**Task item:** From the records below, return every line containing the word "Blue".

Collection entries:

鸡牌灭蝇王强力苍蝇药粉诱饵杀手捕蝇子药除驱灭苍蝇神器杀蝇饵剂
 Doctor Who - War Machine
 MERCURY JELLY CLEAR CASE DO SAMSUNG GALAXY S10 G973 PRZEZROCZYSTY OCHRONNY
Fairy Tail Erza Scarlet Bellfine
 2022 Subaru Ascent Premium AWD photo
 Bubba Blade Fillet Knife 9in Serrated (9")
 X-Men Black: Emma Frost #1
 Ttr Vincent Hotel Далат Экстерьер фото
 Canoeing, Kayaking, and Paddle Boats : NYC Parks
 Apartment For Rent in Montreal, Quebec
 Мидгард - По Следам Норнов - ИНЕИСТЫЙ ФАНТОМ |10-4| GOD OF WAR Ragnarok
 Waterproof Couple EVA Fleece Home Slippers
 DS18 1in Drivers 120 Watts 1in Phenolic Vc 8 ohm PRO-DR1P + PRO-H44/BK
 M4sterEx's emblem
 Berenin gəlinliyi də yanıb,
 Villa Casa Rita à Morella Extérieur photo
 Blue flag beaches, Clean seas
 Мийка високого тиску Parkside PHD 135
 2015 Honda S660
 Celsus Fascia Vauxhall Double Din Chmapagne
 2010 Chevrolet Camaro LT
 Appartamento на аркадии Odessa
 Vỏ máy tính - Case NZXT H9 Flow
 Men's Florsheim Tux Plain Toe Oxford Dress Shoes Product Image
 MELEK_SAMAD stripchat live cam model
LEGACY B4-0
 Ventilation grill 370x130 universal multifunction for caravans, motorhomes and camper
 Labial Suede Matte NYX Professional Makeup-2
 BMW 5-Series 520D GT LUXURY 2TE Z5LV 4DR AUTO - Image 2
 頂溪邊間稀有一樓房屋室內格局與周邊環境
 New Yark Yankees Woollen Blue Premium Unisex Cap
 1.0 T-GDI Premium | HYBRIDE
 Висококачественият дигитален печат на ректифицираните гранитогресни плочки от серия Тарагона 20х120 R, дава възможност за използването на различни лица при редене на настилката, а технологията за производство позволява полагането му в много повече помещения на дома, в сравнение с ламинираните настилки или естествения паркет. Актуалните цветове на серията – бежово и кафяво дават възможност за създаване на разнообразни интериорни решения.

**Output below:**
 Blue flag beaches, Clean seas
 New Yark Yankees Woollen Blue Premium Unisex Cap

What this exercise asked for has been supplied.